Que un científico tan importante como Rees ventile tan feroces ansiedades es señal de que algo anda mal. Quien en la década del treinta haya leído, como yo, revistas populares y enciclopedias, recordará el enorme optimismo que despertaban entonces la ciencia y sus promesas de un mundo mejor. Habría trenes y aviones cada vez más veloces, fábricas y casas más eficaces (y un robot obediente que se ocuparía de limpiar todos los lunes, de modo que las amas de casa pudieran pasearse por sus livings resplandecientes, muy parecidos, creo recordar, a las salas de exposición de las concesionaria de autos), adelantos en radioterapia que derrotarían al cáncer... El mundo sería un lugar más rico, tanto social como moralmente, y la ciencia sería su arquitecta.
La Segunda Guerra y las bombas atómicas lanzadas sobre Japón ensombrecieron esa luz nueva y deslumbrante. Por primera vez los científicos empezaron a autocuestionarse, y muchos se pronunciaron contra el desarrollo de la bomba de hidrógeno.
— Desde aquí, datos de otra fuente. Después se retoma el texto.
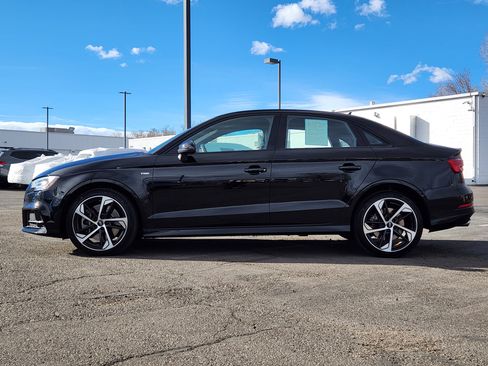Used 2020 Audi A3 2.0T Premium image 3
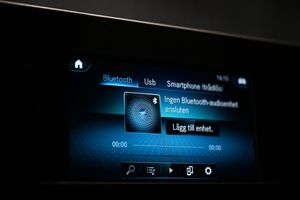 Mercedes Sprinter bild 20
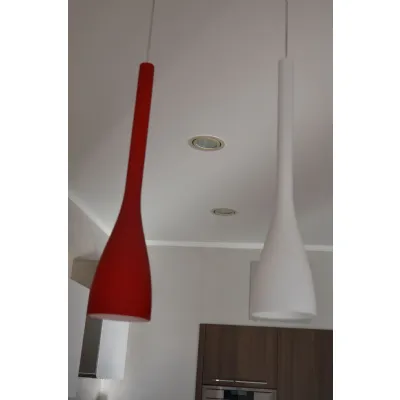 Lampada da soffitto Flut  Ideal lux con un ribasso esclusivo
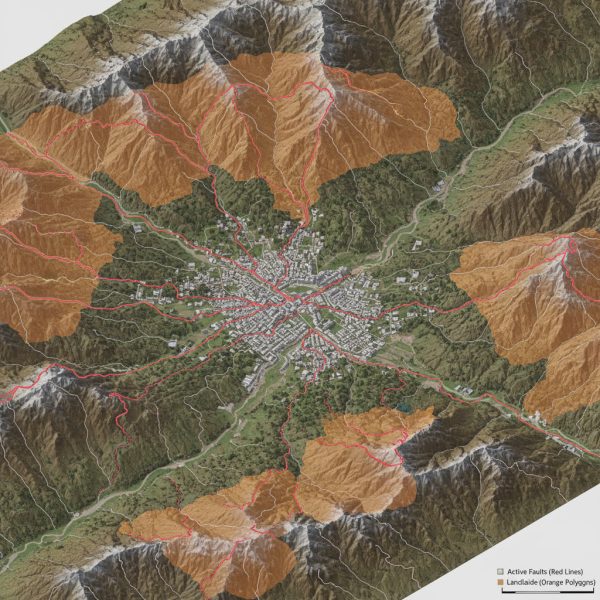 Cotizar un Atlas de Riesgo en México: Guía de Precios, Requisitos y Beneficios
Pero el progreso científico tuvo su propio ímpetu, como la gente no tardó en advertir, y superó el control de los políticos y las urnas electorales. No hay avance científico, por benéfico que sea, que no tenga su lado oscuro. Los antibióticos salvaron millones de vidas, pero crearon las resistentes cadenas bacterianas que hoy colonizan nuestros hospitales. La computación transformó la comunicación en todo el planeta, pero nunca como ahora hubo tantas oportunidades para la vigilancia totalitaria. Por sobre todas las cosas, como señala Rees, la ciencia desafía la idea que tenemos de nosotros mismos como seres humanos. Nuestros primeros ancestros hominoides aparecieron hace 4 millones de años, y hace más o menos 60 mil años que los humanos modernos reemplazaron a los Neandertaleses. Pero en este siglo, los “cambios que sufrirán los cuerpos y cerebros humanos no estarán sujetos al ritmo de la selección darwiniana”. Una combinación de implantes cerebrales y drogas podría multiplicar nuestro poder intelectual o permitirnos aprender incorporando los datos directamente en el cerebro; aunque ese doctorado instantáneo también puede tener sus imprevistos: “Disculpe, le hemos dado Origami avanzado en vez de El teatro de Tom Stoppard. ¿Son tan difíciles de distinguir?”.
El panorama es horrible, aunque sospecho que pueden salvarnos nuestra propia obstinación y perversidad, dos cualidades que la ciencia pocas veces advierte. La ciencia da por sentado que somos criaturas ampliamente racionales, regidas por un calculado interés propio, tanto a nivel grupal como personal. Pero eso no es verdad, como lo ilustran millones de novelas, historias de vida y testimonios judiciales. El peligro es que entendamos inconscientemente que nuestra única esperanza de libertad, y nuestra única posibilidad de encerrar otra vez al demonio de la ciencia en su botella, reside en nuestra propia psicopatología.